5世紀以前は交易の中継地・生産拠点だった丹後
 何故、この地域が隆盛したかと言えば、丹後は朝鮮半島から、あるいは九州北部や出雲方面からの通交の便が良く、竹野川を遡上し丹後半島を横断すれば阿蘇海に出られ、大和地域や近江、越前との繋がりが容易です。
 この仮説は長野正孝氏によって提唱されたもので、既に当ブログでも触れてきました(第44回ブログ)が、「丹後王国」の盛衰を語るには重要なので改めて確認してみます。
 長野氏は珍妙な説をしばしば打ち上げるので筆者はあまり好みませんが、この丹後半島横断説は大いに頷けます。少し長くなるが、氏の論考を纏めてみます。

 古代の手漕ぎの丸木舟では一所懸命に漕いでも時速3キロくらいの速度なので、1日に進める距離は高々20キロに過ぎない。つまり20キロごとに停泊して体を休め、水分や食料の補給をするための港の存在が不可欠(第57回ブログ)。

 日本海側には潟湖が発達しており、ほぼ20キロごとに、唐津、博多、温泉津(ゆのつ)、神西湖、東郷池、湖山池、久美浜湾、浅茂川湖、竹野湖、三方五湖、敦賀、河北潟、羽咋の邑智潟(おうちがた)と続き、尺取虫のように東西を行き来することができる。湾内は波も穏やかで舟を停泊させるには絶好の条件をそなえている(第40回ブログ)。
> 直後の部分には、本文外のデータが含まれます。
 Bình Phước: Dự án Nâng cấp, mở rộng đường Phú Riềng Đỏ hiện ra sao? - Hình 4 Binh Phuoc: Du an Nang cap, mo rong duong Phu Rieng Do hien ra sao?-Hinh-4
 しかし山陰を出雲方面から東へ進んでくると、手漕ぎの舟では丹後半島を廻るには地図上で7日かかるが、その日の停泊地が存在しない。特に丹後半島の先端部40キロは、丹後松島や経ヶ岬、蒲入の海のように、岩が切り立っており、舟を停泊できる場所が東側の伊根(舟屋で有名)までない。
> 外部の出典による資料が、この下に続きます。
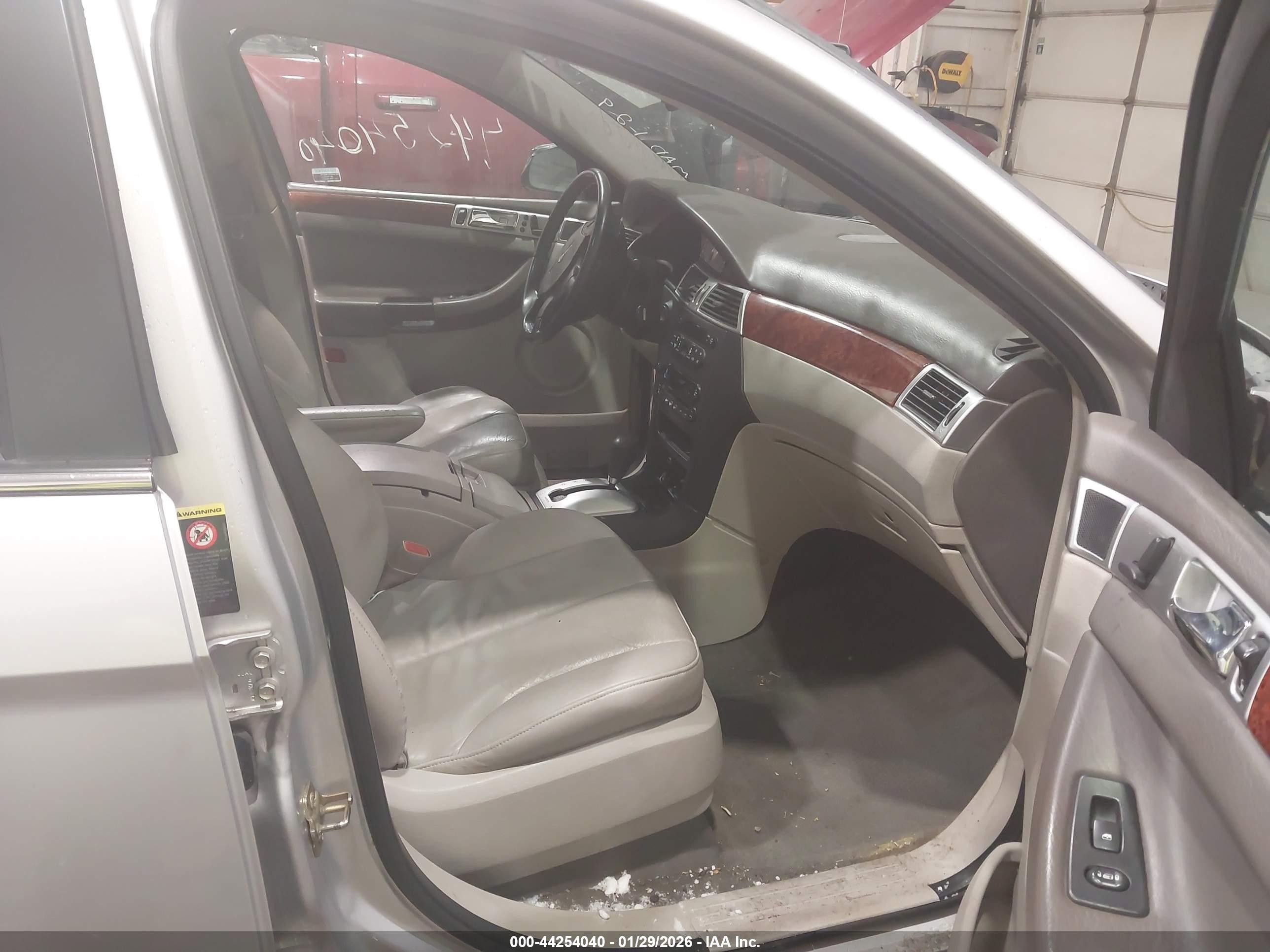 2004 Chrysler Pacifica   Silver vin: 2C8GF68474R628560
 岩稜だらけの海岸に沿って40キロ漕ぎ続けることは不可能ではないが、体力には限界があり、東風と西風が吹くと、舟は沖に流されるか崖に叩きつけられ、大変危険である。


<国土地理院デジタル標高地形図を加工>


<長野正孝氏の著作を加工して転載>

 筆者は2011年6月に宮津から伊根、経ヶ岬、琴引浜、久美浜までをドライブしていますが、丹後松島まではリアス式地形が連なり、人力の小舟が接岸することの困難さを実感しました。

<神明山古墳から立岩(左)、丹後松島(右)>

蒲入の海(左)、経ヶ岬灯台(右)>

 

 東進してきた交易者は、竹野川河口から遡り、大宮売神社の先で標高60~70メートルほどの丘を山越えし(船曳道)、野田川に下りれば阿蘇海に出られる。阿蘇海からは若狭・越前方面、山城・近江・大和方面に向かうことが容易になる。
 京丹後市の中心の網野町・弥栄町・峰山町のそれぞれの間は小河川が四通八達し、舟を曳いても1日で行ける。丹後の中心部には船曳道が縦横に発達していた可能性がある。
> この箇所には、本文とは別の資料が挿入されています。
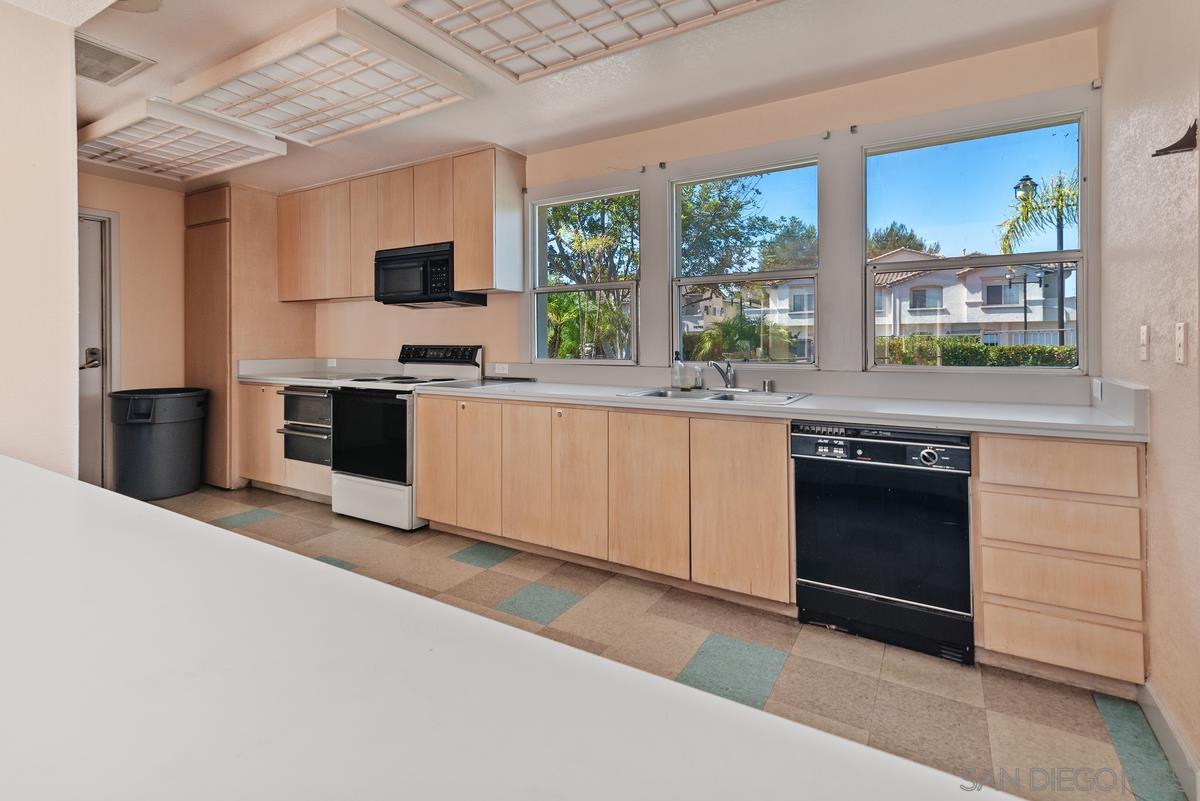 Detail Gallery Image 49 of 53 For 18523  Caminito Pasadero  355, San Diego,  CA 92128 - 2 Beds | 2 Baths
 重要なポイントは、これらのルートに沿うように、網野銚子山古墳、神明山古墳、竹野神社、大宮売神社、翡翠や水晶の研磨加工、鉄製品の加工遺跡などが集積していることです。


 <長野正孝氏の著作を加工して転載>

 出雲・九州北部・朝鮮半島から 鉄を始めとする先進的文物や技術・文化が流入し、近江・越前・越中からは翡翠た玉などが流入し、一部は追加工されたりして、若狭・越前・能登・近江・畿内各地・大和盆地へと運ばれていったと思われます。
 このように鉄や翡翠、その他の文物の交易の中継地・生産拠点となり得たことが、5世紀頃まで「丹後王国」が隆盛した理由でしょう。

 少なくとも3、4世紀代の大和勢力は、情報と交通掌握の点で優位に立っていたわけではありません。むしろ、瀬戸内海や大和川を経由する交易が容易でなかった4世紀には、もうひとつの日本海ルートを掌握する丹波・丹後・北陸および近江の勢力を軽視できなかった
 4世紀半ばから、大和では海外志向の強い「さき」地域集団が強大化してヤマト国を代表するまでに成長し、先進的な文物を求めて丹後地域へ積極的にアプローチします。したがってヤマト王権の鉄などの調達に関しては、近江から木津川流域の勢力が、鉄の供給基地としての役割や、出雲・丹後方面からの中継基地の役割を果たしたということになります。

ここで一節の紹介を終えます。